From the inception of Kepler, the Stradigi AI team has kept a razor-sharp focus on ensuring accessibility for our platform. As we’ve refined our vision on what this actually means, the most common thread of conversation among all departments has been: how can we create something for users with no machine learning experience? In other words, how can we begin to break down the barrier of entry to ML?

At first, exploring this territory was dominated by a vision to empower Business Analysts with Machine Learning. Based off of conversations with clients and partners, it seemed simple enough: analysts have data they need to use, and are in the business of constantly generating insights to improve company performance. They’re often the folks creating key insights like revenue forecasts, efficiency-driving tactics, and sales predictions. When you think about it, it’s a context perfectly fit for an ML platform: plenty of data, a need for automation, and a direct line to business impact.

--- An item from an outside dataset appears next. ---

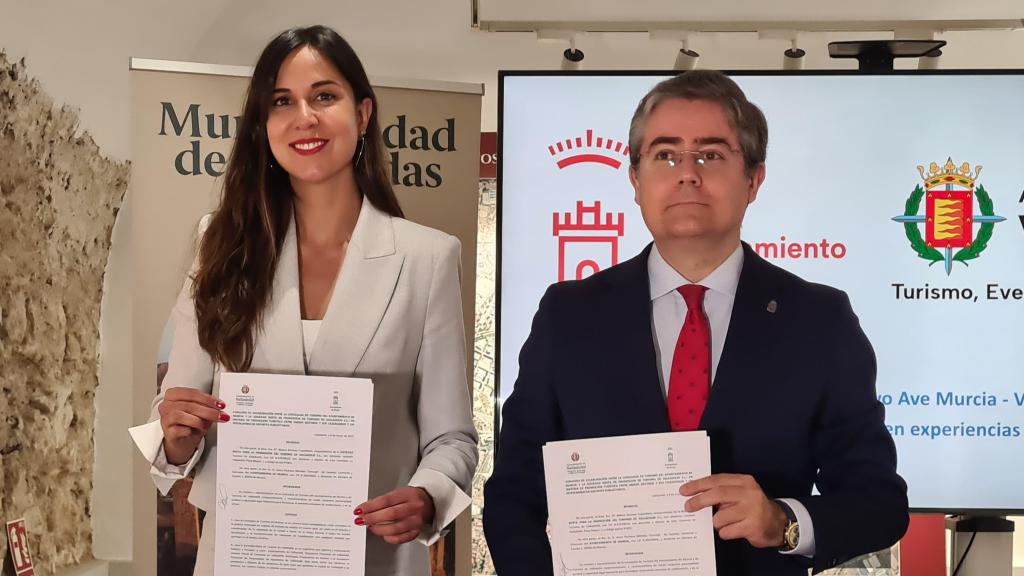 La concejala de Turismo, Eventos y Marca Ciudad, Blanca Jiménez, y el concejal de Turismo, Comercio y Consumo del Ayuntamiento de Murcia, Jesús Pacheco, en la firma del convenio de colaboración.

But, as the use cases that Kepler can solve continued to proliferate, a broader picture of our target user started to emerge. So we dug a little deeper.

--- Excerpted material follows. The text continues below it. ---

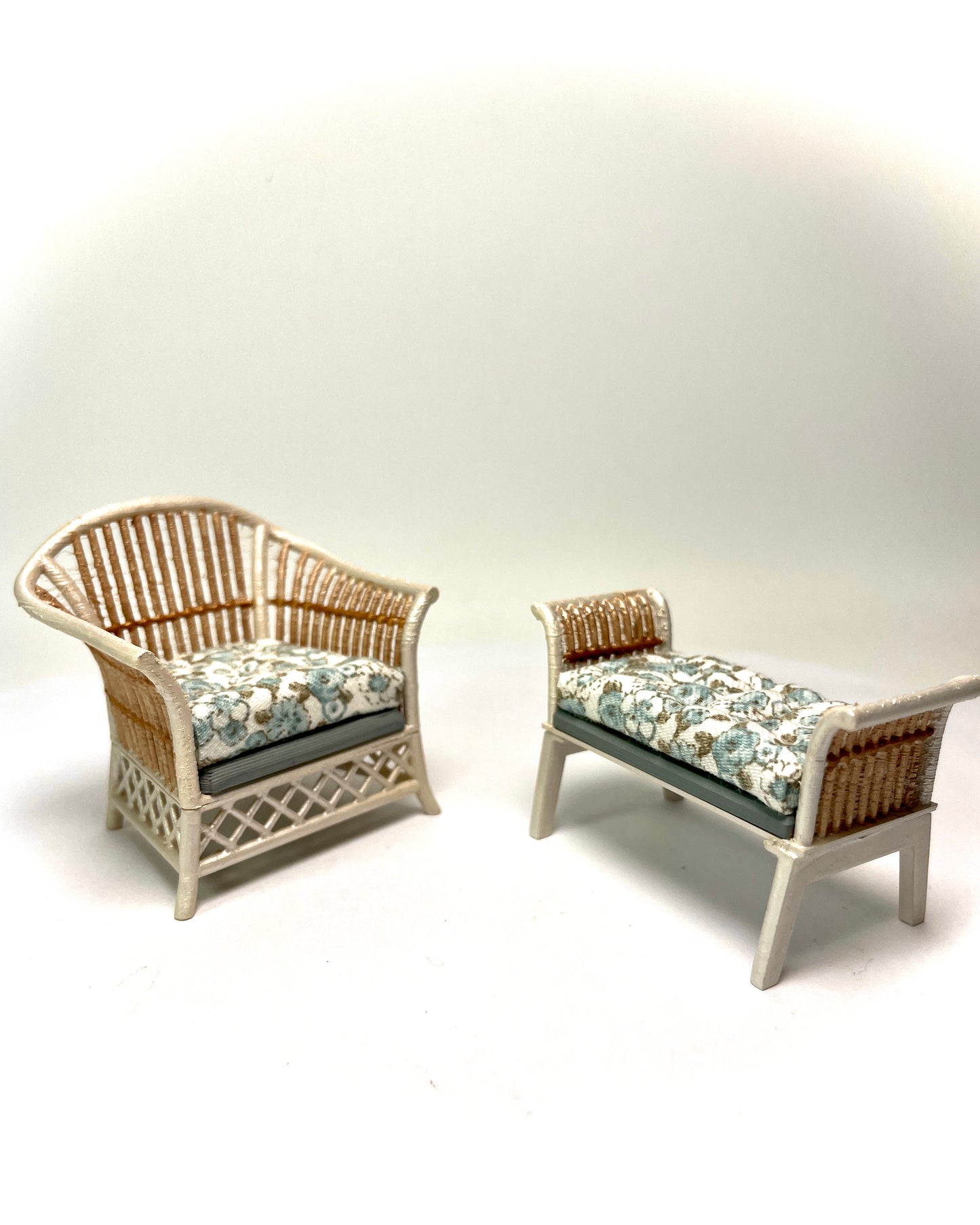 1:16 Dollhouse cane rattan pearl blue on grey furniture - Lundby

Recently, we welcomed various types of analysts to our offices at Stradigi AI, all from around Montreal. They came to discuss a few key topics related to their lives at work. One of the key themes that emerged from this session was that the word “analyst” has hundreds of implications, which are invariably impacted by location, industry, seniority, business context such as size and department, to name a few. All of these individuals range in their technical experiences, from coding to citizen data science work, to SQL queries, or, in many cases, none of the above.

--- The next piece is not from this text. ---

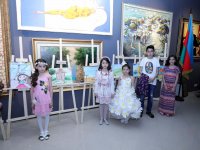 В Баку объединили моду и искусство – получилось очень красиво (ФОТО)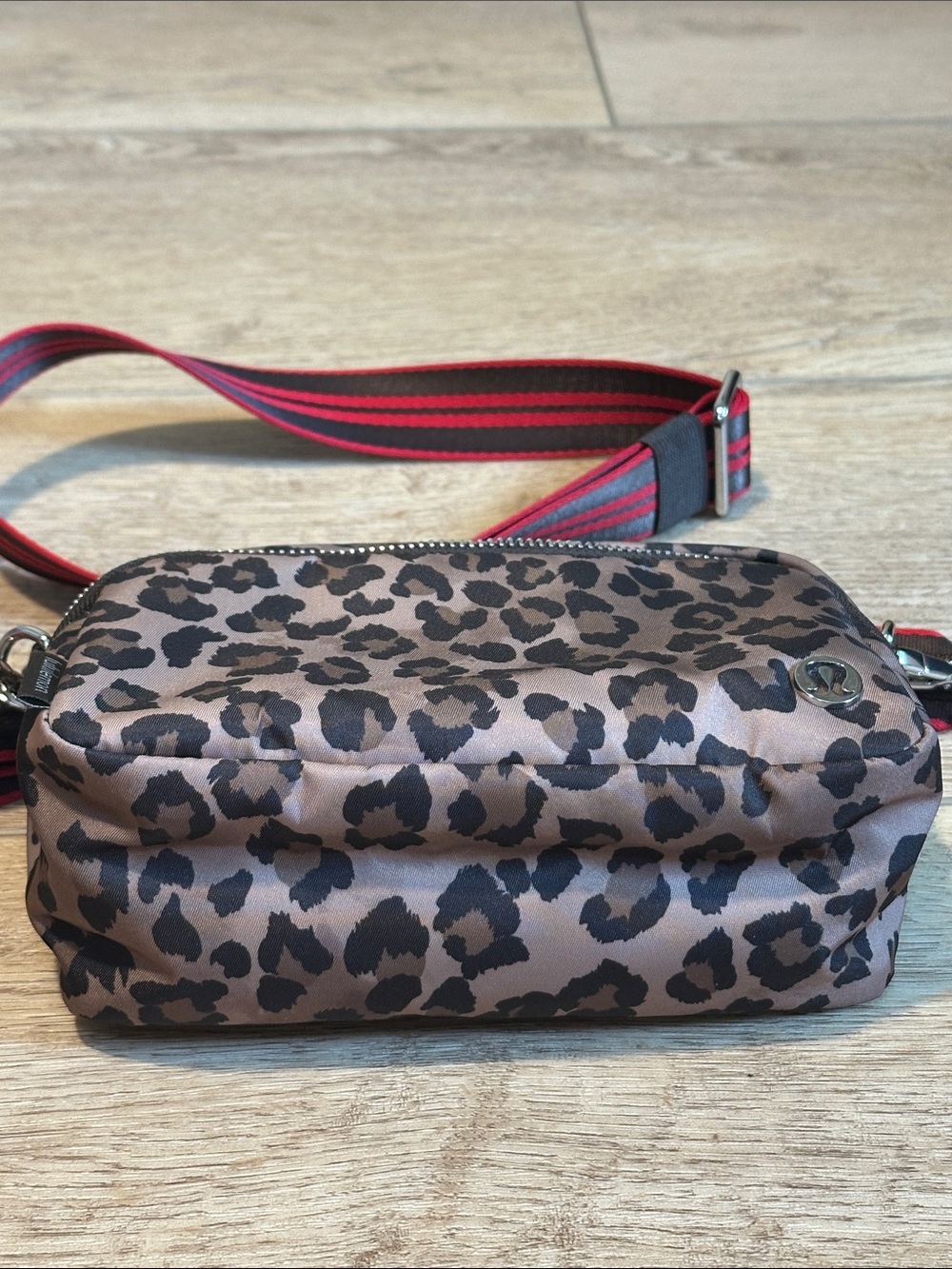 Lululemon Everywhere Crossbody Bag 2L - Picture 7 of 7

There’s one universal item that connects analysts, though: they all have a deep awareness of the business, and their specific role to understand what challenges are, and subsequently seek data-driven ways to solve these challenges. Here’s the catch: today, isn’t that true for any internal Subject Matter Expert?

We’re taking the stance that it is. And with that logic in mind, Machine Learning can be for anyone with swaths of data who wants to solve pressing business challenges that result in a real, measurable impact. Those people are already sitting in desks right beside you. Still not sure? Consider the points below:

Bringing out the Machine Learning champion in everyone

1. No one knows your business better than your internal people.

The shortest pathway to implementing AI successfully is starting with a clear and tangible business problem. That business problem then becomes your Machine Learning use case. And who knows your business problems, better than the people working in your organization, every day? Leaders have become too distracted on the novelty of building RNN transformers, convolutional neural networks, heuristic search techniques, and so on. But if it’s possible to automate the complex Machine Learning and Data Science tasks, the only thing you — and your people — need to keep a razor-sharp focus on is your goals, and what’s standing in the way of you reaching them.

Plus, if you have seasoned employees who have been with you for, say, over a decade — they’ve already seen what happens to your company in a variety of conditions, from hypergrowth to managing through an economic downturn.

That level of experience is immeasurable. And your teams already know who to go to for the information they need, and they’re acutely aware of your long term vision. Kepler requires answers from internal SMEs as part of its Automated Data Science Workflow, because we know that successful Machine Learning starts with a broad, well-informed picture of your business.

2. No one knows your data better than the people who’ve created it, managed it, and laboured over it.

On Thursday, Stradigi AI’s Director of Solutions, Maria Elena, discussed the importance of shifting narratives from “data readiness” to “data ecosystems.” Not only is data highly dependent on departments, there are specific people who hold the keys. We know that building company-wide data literacy doesn’t happen overnight — but educating our teams on how to better use the data they own and care for helps create deeper understanding of the true impact that data can have on reaching goals. If you can equalize access to Machine Learning tools, you’re getting one step closer to bringing your entire team even closer to the data they use every day, and augmenting their data literacy in the process. If you alleviate time-consuming data tasks like data pre-processing and cleansing, that’s an added bonus.

3. No one knows how to communicate results, needs, and impact to stakeholders better than your current teams.

Last week, I discussed the importance of using ML to “upskill” your teams, and how empowering them with Machine Learning tools not only makes them feel like they’re a part of the process of AI transformation – but gives them the opportunity to say something more with their data. Whether it’s a Marketing Strategist speaking to a CMO about optimizing promotional offers, or an Operations Manager delivering critical insights on organizational efficiency, the business context, relationship, and historical knowledge these subject matter experts hold can’t be underestimated. Machine Learning is nothing without data, and data is useless without a solid foundation and meaningful story behind it — and your people hold those keys.